Granted the fact that the white majority has been responsible for a certain amount of the racism in this country, the fact is that racism is not a solely white issue, had they any intellectual honesty. This is more then the usual uber sensitivity and political correctness. This is forcing white guilt onto people who may never have had a racist thought in their lives.
Sister Toldjah continues the story and clarifies the positions:
Here’s an example of some of the UDel’s “required thoughts”: (emphasis mine)
“A RACIST: A racist is one who is both privileged and socialized on the basis of race by a white supremacist (racist) system. The term applies to all white people (i.e., people of European descent) living in the United States, regardless of class, gender, religion, culture or sexuality. By this definition, people of color cannot be racists, because as peoples within the U.S. system, they do not have the power to back up their prejudices, hostilities, or acts of discrimination. (This does not deny the existence of such prejudices, hostilities, acts of rage or discrimination.)” - Page 3
—–
“REVERSE RACISM: A term created and used by white people to deny their white privilege. Those in denial use the term reverse racism to refer to hostile behavior by people of color toward whites, and to affirmative action policies, which allegedly give ‘preferential treatment’ to people of color over whites. In the U.S., there is no such thing as ‘reverse racism.’” - Page 3
—–
“A NON-RACIST: A non-term. The term was created by whites to deny responsibility for systemic racism, to maintain an aura of innocence in the face of racial oppression, and to shift responsibility for that oppression from whites to people of color (called “blaming the victim”).
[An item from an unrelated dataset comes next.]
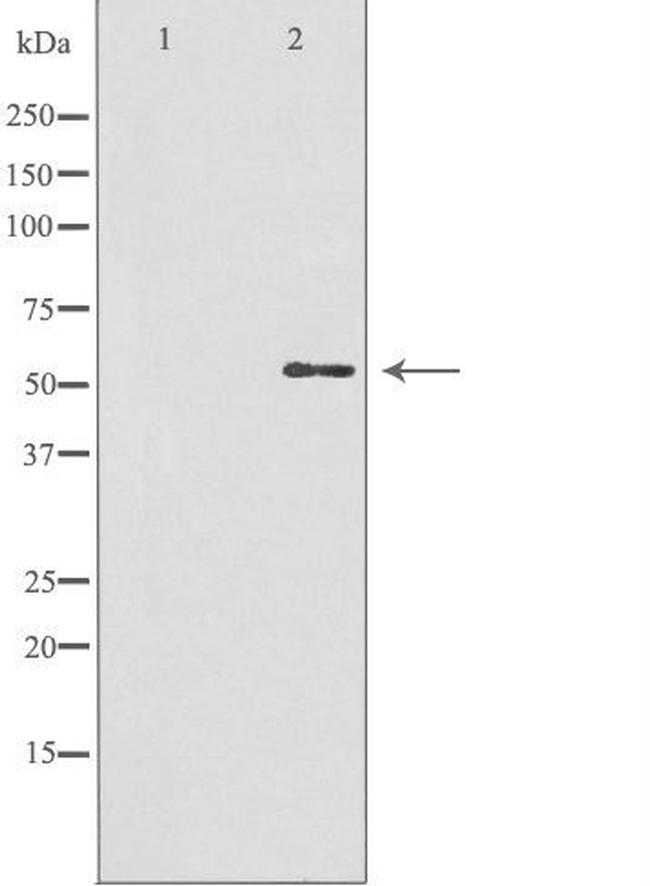 GBA3 Antibody in Western Blot (WB)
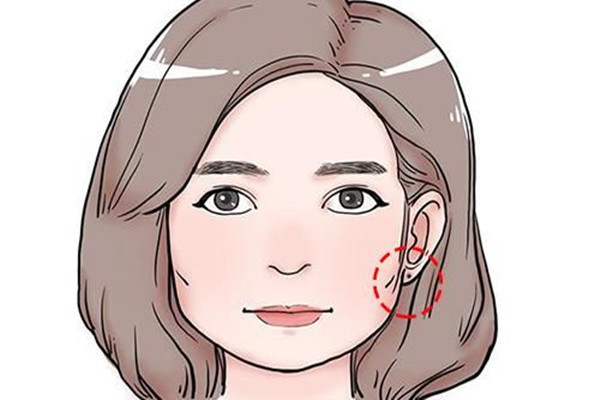 點痣有什么忌口 點痣有什么講究 點痣有什么忌口 點痣有什么講究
Responsibility for perpetuating and legitimizing a racist system rests both on those who actively maintain it, and on those who refuse to challenge it. Silence is consent.” - Page 3
Ah yes, white privilege. That would be the the privilege that keeps me in my apartment, driving my used 1999 car. And note how they carefully predefine any attempts to protest the definitions as being racist defense of white privilege. Talk about a stacked deck. See the bottom of my blog for a list of the authors of this fine bit of reeducation.
Blue Crab Blvd provides a blog reaction roundup.
Of note, MacsMind notes:
So according to the University of Delaware all whites are racists, and no black can be racist?
So Al Sharpton and Louis Farrakhan are white?
I’m shocked!
Heh. Likewise, Flopping Aces says:
I read this piece and I had to doublecheck to see if it didn’t come from The Onion.
Right Voices wraps it up with:
You have the right to free speech as long as the liberals approve of the message. You can have free thought, just as long as you think what the liberals want you to think.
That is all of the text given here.